Task details – A full, exact copy of the listing is needed, with images omitted.

Information provided –
--*--

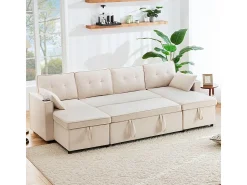 Sofá de canto conversível com 2 baús, almofada e porta-copos - Algodão e linho - 270×130×86 cm - Bege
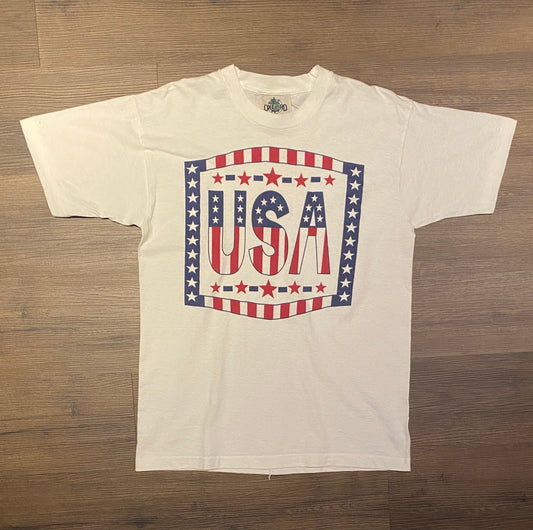 United States of America Flag Graphic Tee | Size Large | Vintage 1990s Single Stitch Tourist T-Shirt | Made in USA | Free Shipping to USA |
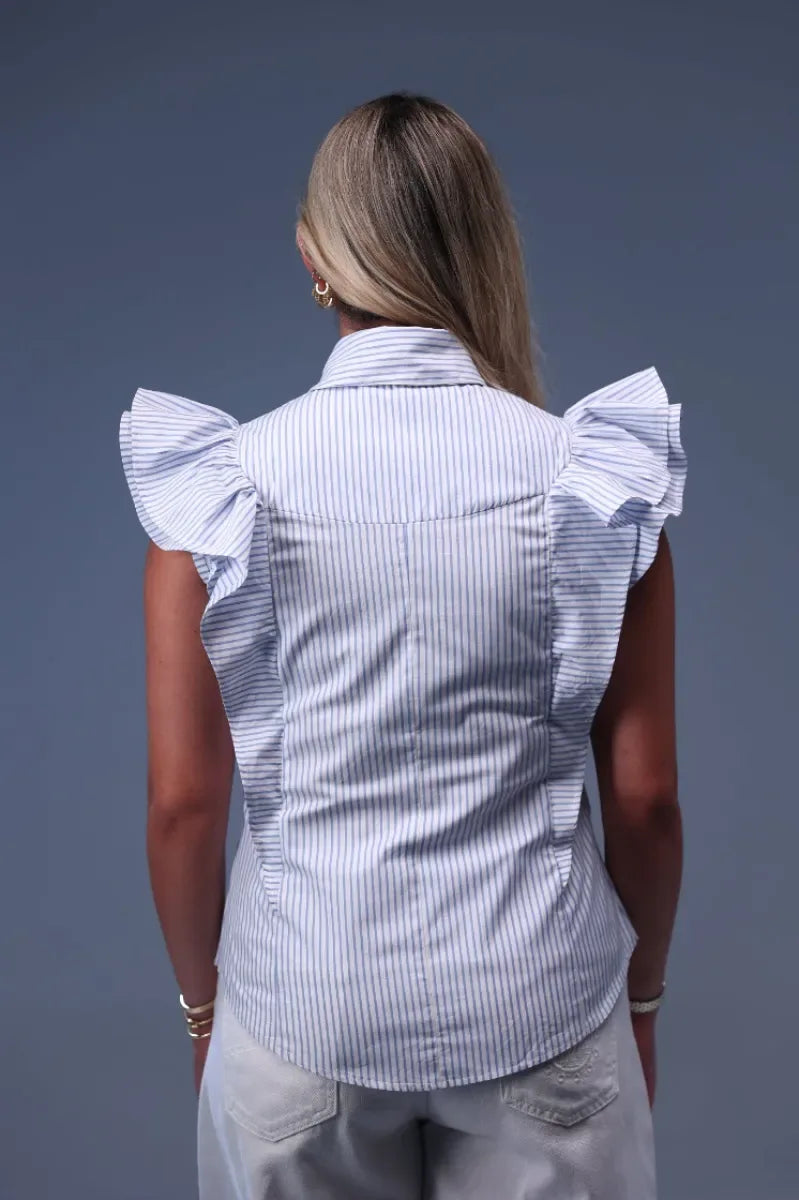 Pinstripe Ruffle Sleeve top - chapters.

--*--

Response for this exercise –
 Sofá de canto conversível com 2 baús, almofada e porta-copos - Algodão e linho - 270×130×86 cm - Bege
 United States of America Flag Graphic Tee | Size Large | Vintage 1990s Single Stitch Tourist T-Shirt | Made in USA | Free Shipping to USA |
 Pinstripe Ruffle Sleeve top - chapters.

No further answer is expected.